22 Apr
22Apr

A substantial number of Solana (SOL) tokens will be put up for auction by FTX's bankruptcy estate in anticipation of a crucial move. This tactic is a component of the liquidation plan that FTX started after it collapsed in November 2022.

The impending auction is a deliberate move that signals possible changes in market dynamics, as it differs from prior fixed-price sales.

Will the Solana Auction Involve the Crypto Community?

In the past, 25–30 million SOL tokens were sold, bringing in close to $1.9 billion. At $64 apiece, this represented a steep 60% savings over the going rate at the time. But, there was a catch to the discount: the purchasers had to lock in their SOL for four years.

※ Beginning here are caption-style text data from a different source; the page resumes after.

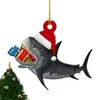 Tiburón de Navidad Transfronterizo Decoración Festiva Animal Colgante Colorido Colgante Regalo de Fiesta Lindo Árbol Decorativo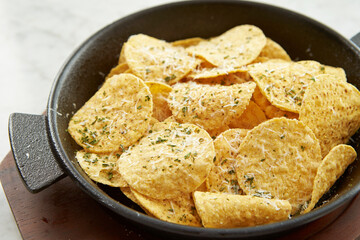 Nachos close-up on a plate 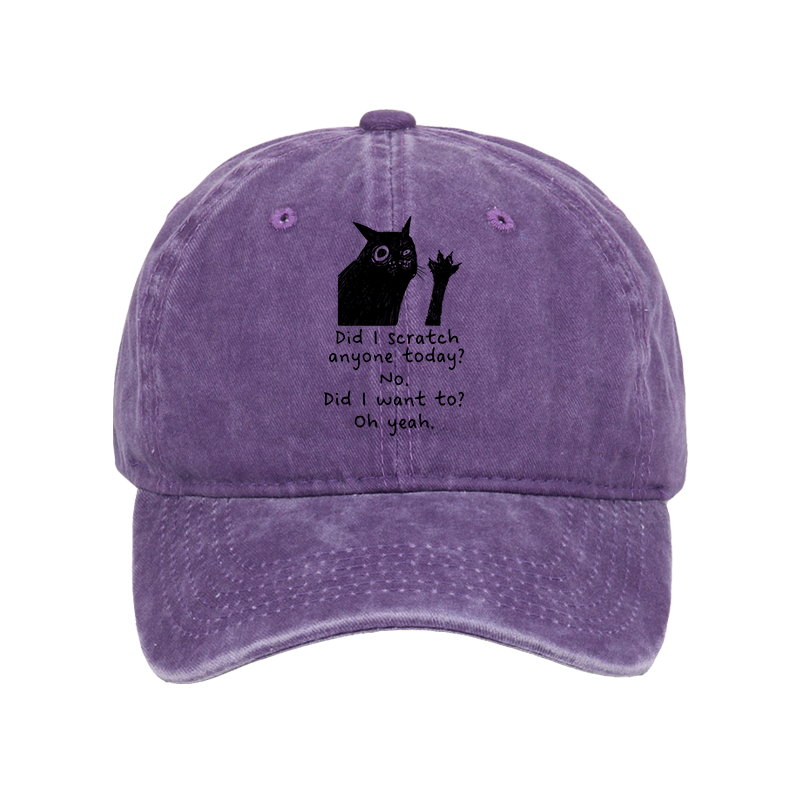 Tokyo-Tiger Black Cat Scratches People Washed Cap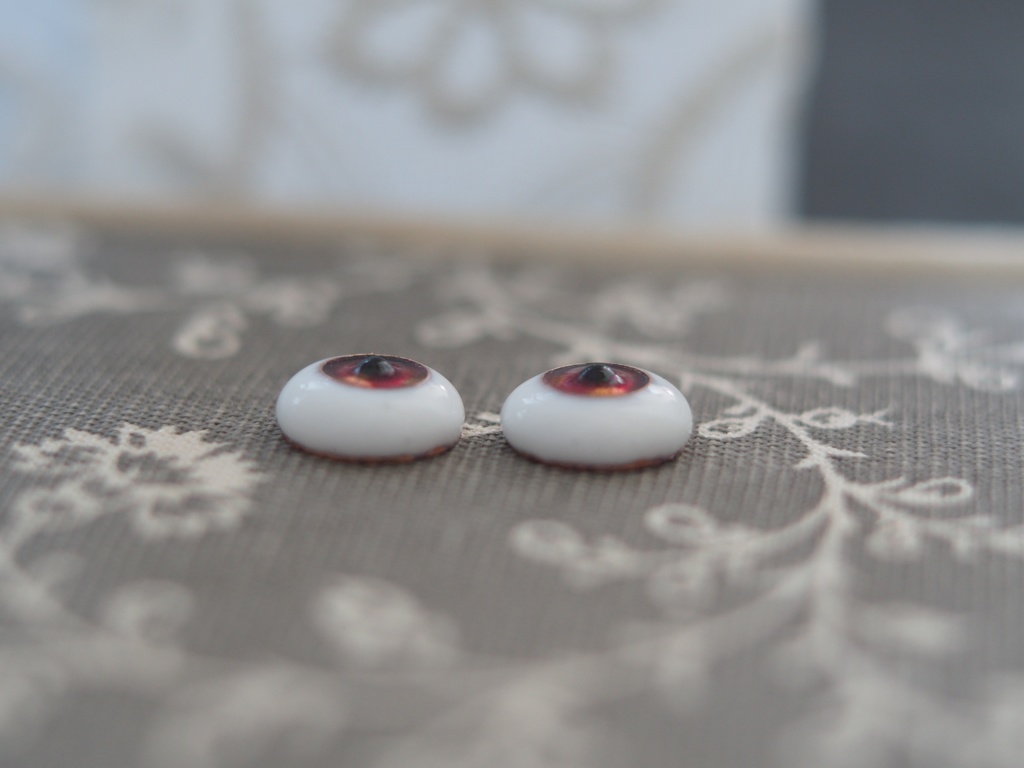 14mm/8mm 赤×黄 カッパータイプ 七宝グラスアイ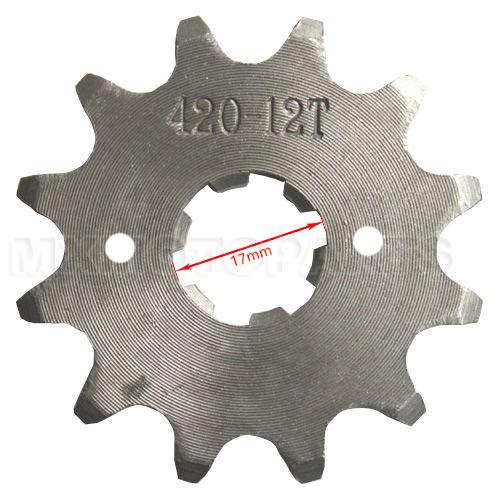 420 12-Tooth 17mm Engine Sprocket with holes - Click Image to Close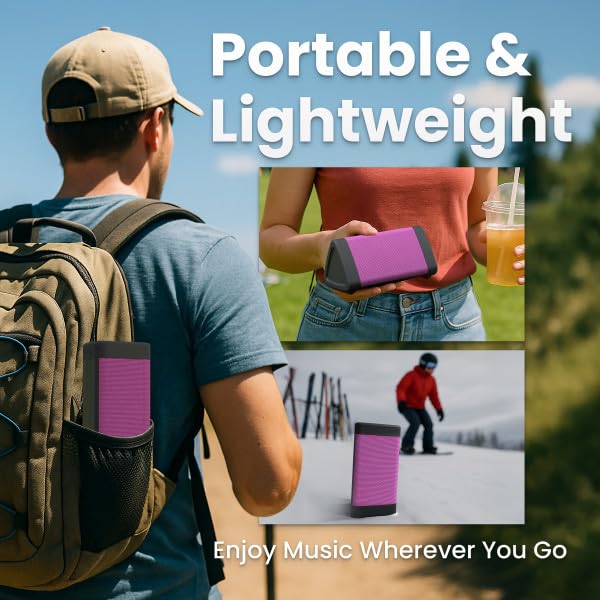 OontZ Angle 3 Gen 4 Portable Bluetooth Speaker, 12W, 24-Hour Playtime, Pink - color: Pink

Eva Weng from Caladan explained, "basically you're exchanging time for a discount — you have to lock up your capital for four years, but you get to pay much less for the tokens."

This time, choosing to hold an auction could encourage aggressive bidding and ultimately affect Solana's market price. Figure Markets CEO Mike Cagney acknowledged the auction, but the specifics are still being kept secret.

In order to make it easier for the cryptocurrency community to participate in the auction, Cagney's Figure Markets is creating a Special Purpose Vehicle (SPV). The goal of this method is to draw in certified US investors as well as foreign investors. It enables people to manage ensuing investments and reach a consensus as a community about bid prices.

The auction method may intensify bidding, which could have an impact on Solana's price patterns.

Solana's price trend is currently potentially rising. The price of Solana fell sharply by more than 44% from a peak of $210 on March 18 to a low of about $116 on April 13. Still, it has recovered, now trading about 30% higher than it was at the trough.